Yesterday I was in Miner, Mo needing to supercharge. This supercharger is in the corner of a seldom used parking lot a few hundred yards off the roadway. There was 6-8 inches of new powder on the pavement, but with AWD I felt the chances were very good that the car could manage. Besides, I had to charge to get home. I got to the charger OK but on the way out I got stuck and could not move. I was thinking about calling a tow truck, when I remembered slip start. Being from the deep south, this is not a function that I have ever used, and I wasn't sure of it's usefulness. I located the toggle at the bottom of the driving menu, toggled it on, and viola, like magic the car drove out of my predicament like it was no problem at all! Happy that Tesla provided this function, happy that I remembered it when I needed it, and happy to be Home!


----------



## Klaus-rf (Mar 6, 2019)

Party On, Wayne!!


----------



## iChris93 (Feb 3, 2017)

FRC said:


> Being from the deep south, this is not a function that I have ever used, and I wasn't sure of it's usefulness.

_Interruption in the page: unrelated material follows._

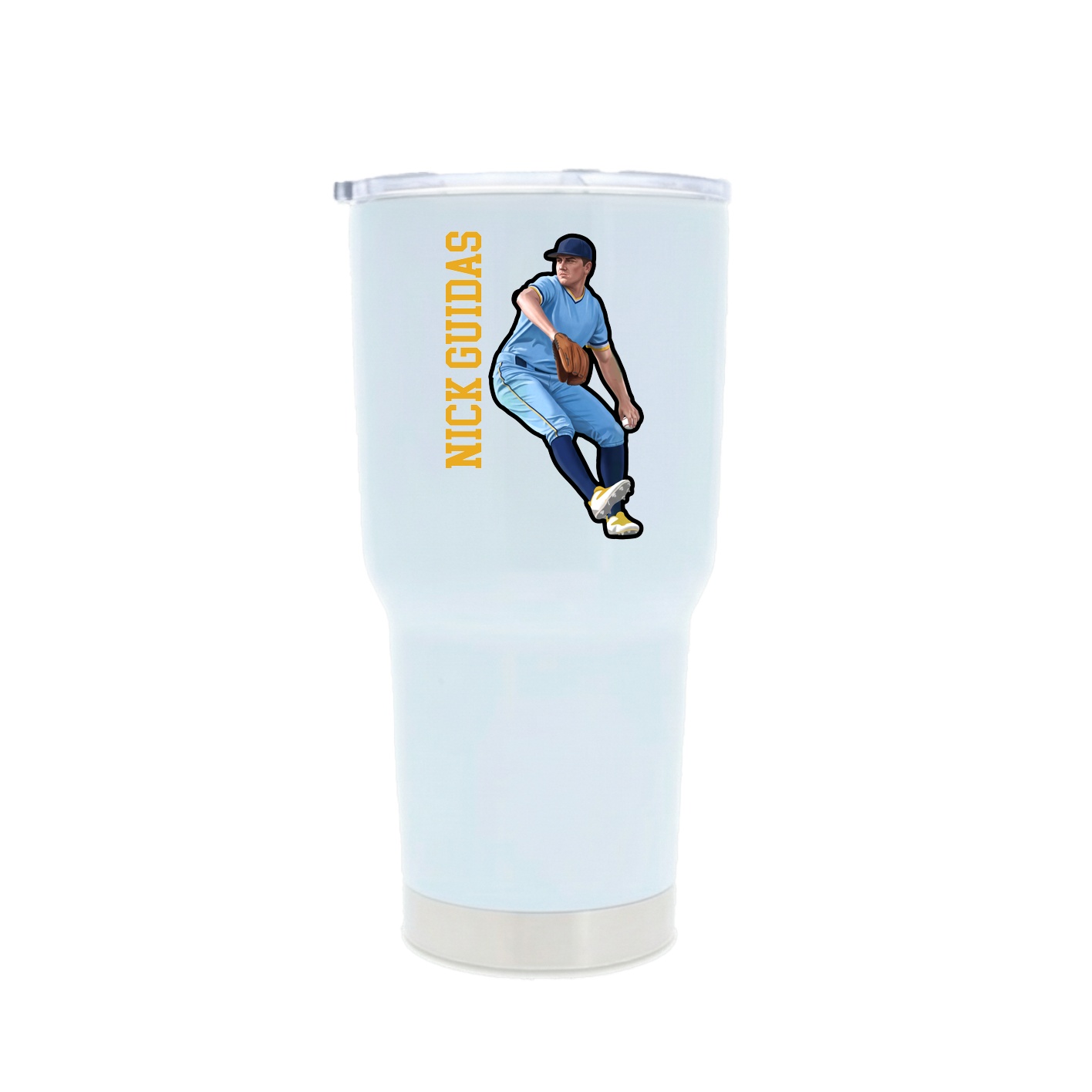 30oz Stainless Steel Tumbler — Name Vertical in White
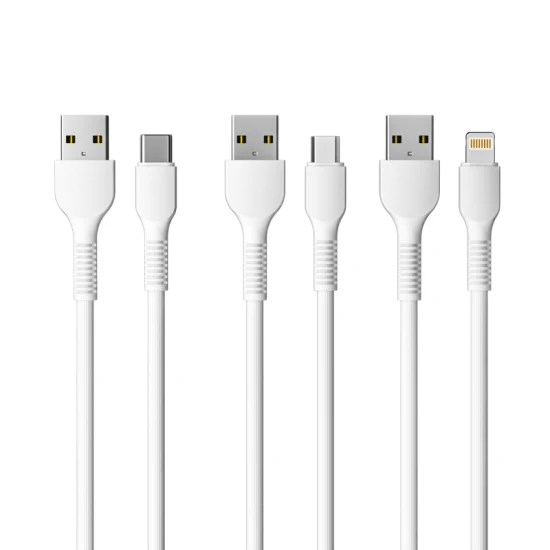 1m 2m 3m 2.4A 3A PVC / TPE Micro USB Tipo C Cavo USB Lightning Accessori per telefoni cellulari all'ingrosso Cavo dati Cavo di ricarica USB per telefoni cellulari Huawei Xiaomi Samsung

Knock on wood, I've never had to use it either even up here... but I do have winter tires. Good to know it is useful in case I ever do need it!


----------



## Ed Woodrick (May 26, 2018)

This is a great example of how "Reading the Manual" can sometimes save a lot of money!


----------



## FRC (Aug 4, 2018)

iChris93 said:


> Knock on wood, I've never had to use it either even up here... but I do have winter tires. Good to know it is useful in case I ever do need it!


I really was shocked at what a difference it made. Without it I was helplessly bogged, with it, I glided out without issue. Can someone explain how it works to me? Is it just all four wheels working synchronously? And, therefore do only AWD models have it?


----------



## garsh (Apr 4, 2016)

FRC said:


> Can someone explain how it works to me?


The traction control normally tries to prevent any little amount of tire spin.
"Slip start" dials down the traction control nanny so that your tires can spin on a slippery surface, at least a little bit. When you're stuck on ice, this is often the only way to get moving again.


----------



## DocScott (Mar 6, 2019)

It's available on RWD too. Not long after I got my RWD M3 in 2018 there was an early-season snowstorm in New York that was not well forecast, and thus none of the local communities did a good job treating the streets. The result was the worst traffic nightmare I've ever been in--a commute that normally takes about 25 minutes took about 7 hours. 

At one point early on in that I was stopped for a light and couldn't move, just like you. I remembered about slip start, toggled it on, and got going with no problem!


----------